INSTRUCTIONS FOR THE TASK →
What is needed is an exact copy of the whole listing below, with no pictures.

___ SOURCE DATA ___

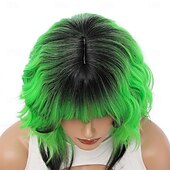  Grüne Perücken synthetische Perücke lockig mit Pony maschinell gefertigte Perücke kurze schwarze  dunkelgrüne synthetische Haare Frauen natürliche Party schwarz-grün Ombre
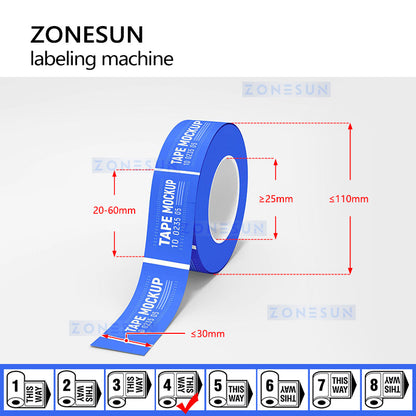 Máquina etiquetadora de etiquetas de precio de superficie plana manual ZONESUN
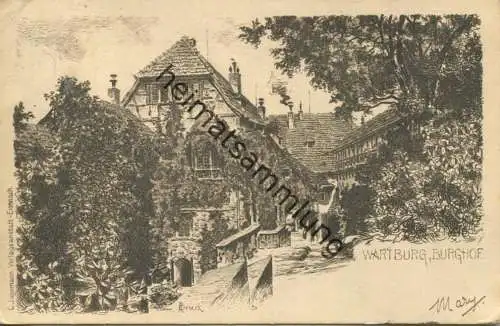 Eisenach - Wartburg - Burghof - signiert A. Bruck - Verlag C. Jagemann Eisenach - gel. 1902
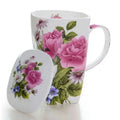 Axyaa Bone  Tumblers with Lid, Cute Floral Big Coffee Cups, Perfect Gift Mug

___

TASK ANSWER →
  Grüne Perücken synthetische Perücke lockig mit Pony maschinell gefertigte Perücke kurze schwarze  dunkelgrüne synthetische Haare Frauen natürliche Party schwarz-grün Ombre
 Máquina etiquetadora de etiquetas de precio de superficie plana manual ZONESUN
 Eisenach - Wartburg - Burghof - signiert A. Bruck - Verlag C. Jagemann Eisenach - gel. 1902
 Axyaa Bone  Tumblers with Lid, Cute Floral Big Coffee Cups, Perfect Gift Mug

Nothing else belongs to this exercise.